Regular expression matching URL

Source: Internet
Author: User

Recently in doing some of the URL matching items, the regular expression of the understanding of not much, the internet search a lot of predecessors wrote the regular expression, found that I can not use, is the regular expression of my own to post, for you to reference.

%< I do is ASP.net project, the content is to block a text box in some url>%

First, the regular expression:

String check = @ "(HTTP|FTP|HTTPS)://) ([a-za-z0-9\._-]+\.[ a-za-z]{2,6}) | ([0-9]{1,3}\. [0-9] {1,3}\. [0-9] {1,3}\. [0-9] {1,3})) (: [0-9]{1,4}) * (/[a-za-z0-9\&%_\./-~-]*)? ";

A description of the regular expression:

①: The string that matches the regular expression must begin with http://, https://, ftp://;

②: The regular expression can match a URL or an IP address; (e.g. http://www.baidu.com or http://192.168.1.1)

③: The regular expression can match to the end of the URL, that is, it can match to the child URL; (If you can match: http://www.baidu.com/s?wd=a&rsv_spt=1&issp=1&rsv_bp=0&ie= utf-8&tn=baiduhome_pg&inputt=1236)

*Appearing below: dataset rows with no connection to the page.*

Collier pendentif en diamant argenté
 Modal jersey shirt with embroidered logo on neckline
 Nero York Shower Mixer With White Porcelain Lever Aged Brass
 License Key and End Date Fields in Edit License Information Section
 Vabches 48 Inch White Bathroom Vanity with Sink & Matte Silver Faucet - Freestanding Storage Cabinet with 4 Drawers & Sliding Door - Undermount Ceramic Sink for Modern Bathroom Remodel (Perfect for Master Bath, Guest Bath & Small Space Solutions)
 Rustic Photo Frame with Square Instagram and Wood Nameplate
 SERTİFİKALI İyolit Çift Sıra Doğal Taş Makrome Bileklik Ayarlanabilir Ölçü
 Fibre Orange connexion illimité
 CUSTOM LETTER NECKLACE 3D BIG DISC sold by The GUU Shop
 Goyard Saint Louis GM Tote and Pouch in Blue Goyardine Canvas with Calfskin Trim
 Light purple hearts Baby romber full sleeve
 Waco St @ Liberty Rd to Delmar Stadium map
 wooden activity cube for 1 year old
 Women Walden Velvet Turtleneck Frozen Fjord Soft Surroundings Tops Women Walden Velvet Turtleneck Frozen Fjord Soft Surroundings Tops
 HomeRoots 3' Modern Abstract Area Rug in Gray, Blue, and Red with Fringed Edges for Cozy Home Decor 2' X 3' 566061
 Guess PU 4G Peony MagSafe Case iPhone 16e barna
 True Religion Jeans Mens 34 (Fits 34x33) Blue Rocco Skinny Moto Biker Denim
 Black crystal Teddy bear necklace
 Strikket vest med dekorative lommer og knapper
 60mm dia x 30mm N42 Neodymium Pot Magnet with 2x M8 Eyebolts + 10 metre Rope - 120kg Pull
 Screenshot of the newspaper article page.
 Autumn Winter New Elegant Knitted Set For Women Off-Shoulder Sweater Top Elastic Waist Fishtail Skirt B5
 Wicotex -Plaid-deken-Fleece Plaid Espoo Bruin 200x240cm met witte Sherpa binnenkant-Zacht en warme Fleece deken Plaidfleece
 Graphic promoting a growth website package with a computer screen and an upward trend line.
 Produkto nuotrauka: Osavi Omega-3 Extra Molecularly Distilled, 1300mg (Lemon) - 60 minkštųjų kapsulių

④: The regular expression can match the port number;


Block some of the specified URLs:

If we want to block http://in the text box we entered www.baidu.com This URL, the traditional method is to use the above regular expression to match the URL in the text box, read all the URLs and then compare them to the URLs you want to block, but there's a downside to this is that the URL we read out is up to the sub URL, and we might write a parent URL in the configuration file, which Sample to the check out of the URL to cut, plus the site's default port number is: 80, we have to compare the port number and so on, I came up with a new way:

read the URL to block from the configuration file and form a regular expression that matches the text box and blocks it if it can be matched.

The configuration file should write: <add key= "Domaincheckblackurl" value= "baidu.com"/>

Implemented in code:

Now a regular expression consists of 3 parts:

1: The beginning of a regular expression, may consist of arbitrary characters;

2: The middle part of the regular expression: the part read from the configuration file;

3: The end of the regular expression: there may be subdirectories or port numbers, etc.;

First, read out the url:string[] serverlist = configurationmanager.appsettings["Domaincheckblackurl" from the configuration file. Split (', '); (in the configuration file with "," split)

Second, string start = @ ((HTTP|FTP|HTTPS)://) ([a-za-z0-9_-]+\.) *"; (beginning of regular expression)

Then, at the end of the regular expression: ending = @ "(: [0-9]{1,4})?" ((/[a-za-z0-9\&%_\./-~-]*) | (=[^a-za-z0-9\.]) ";

Regular expression after combination: string check = start + @ ((? <=[^a-za-z0-9]) ("+ Cutstr +")) "+ End;"


These are some of my small ideas, I hope to be helpful to you.

Contact Us

The content source of this page is from Internet, which doesn't represent Alibaba Cloud's opinion; products and services mentioned on that page don't have any relationship with Alibaba Cloud. If the content of the page makes you feel confusing, please write us an email, we will handle the problem within 5 days after receiving your email.

If you find any instances of plagiarism from the community, please send an email to: info-contact@alibabacloud.com and provide relevant evidence. A staff member will contact you within 5 working days.

A Free Trial That Lets You Build Big!

Start building with 50+ products and up to 12 months usage for Elastic Compute Service

  • Sales Support

    1 on 1 presale consultation

  • After-Sales Support

    24/7 Technical Support 6 Free Tickets per Quarter Faster Response

  • Alibaba Cloud offers highly flexible support services tailored to meet your exact needs.